Shown below is a listing with pictures; reproduce exactly, and only, the lines between the ones containing "sara Cottrell - @dat_country_chick" and "Belmont Place - Table", inclusive, leaving the pictures out.

+++ Input data

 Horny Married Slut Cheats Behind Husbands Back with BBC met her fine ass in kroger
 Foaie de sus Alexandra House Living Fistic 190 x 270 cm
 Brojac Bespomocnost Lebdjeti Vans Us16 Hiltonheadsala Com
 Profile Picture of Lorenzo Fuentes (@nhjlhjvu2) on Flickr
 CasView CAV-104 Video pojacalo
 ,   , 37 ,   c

++++++
+++ Input data

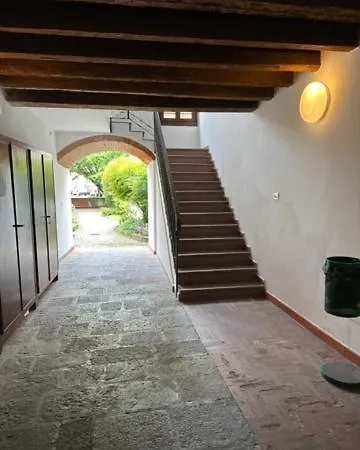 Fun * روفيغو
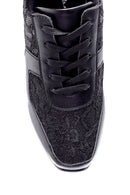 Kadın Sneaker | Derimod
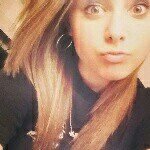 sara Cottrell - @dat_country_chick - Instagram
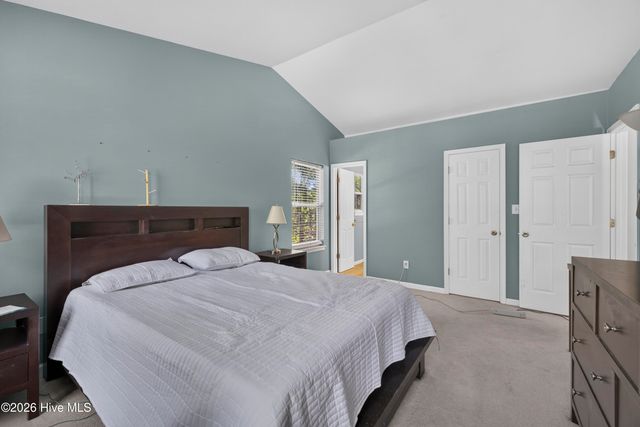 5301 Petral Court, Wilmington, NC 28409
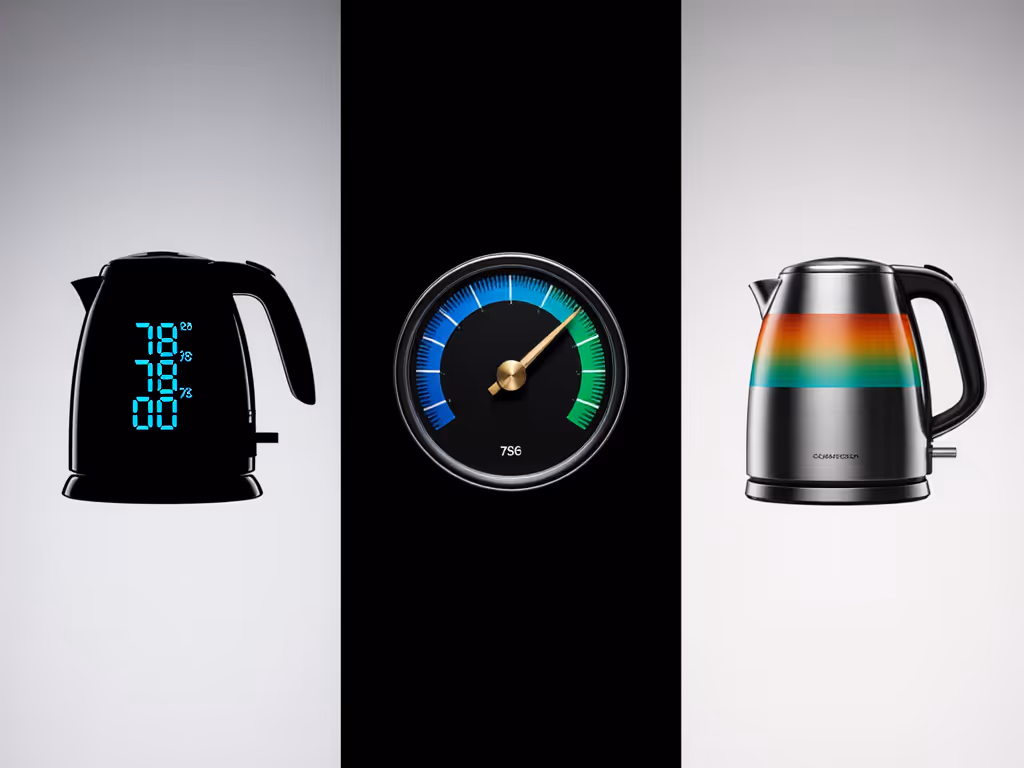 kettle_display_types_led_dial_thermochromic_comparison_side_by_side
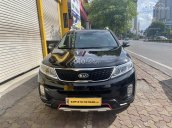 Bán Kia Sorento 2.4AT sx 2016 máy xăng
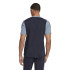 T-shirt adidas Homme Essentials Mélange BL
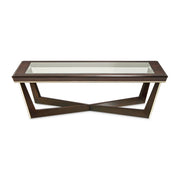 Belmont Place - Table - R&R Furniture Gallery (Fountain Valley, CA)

++++++

» Answer section:
 sara Cottrell - @dat_country_chick - Instagram
 5301 Petral Court, Wilmington, NC 28409
 kettle_display_types_led_dial_thermochromic_comparison_side_by_side
 Bán Kia Sorento 2.4AT sx 2016 máy xăng
 T-shirt adidas Homme Essentials Mélange BL
 Belmont Place - Table - R&R Furniture Gallery (Fountain Valley, CA)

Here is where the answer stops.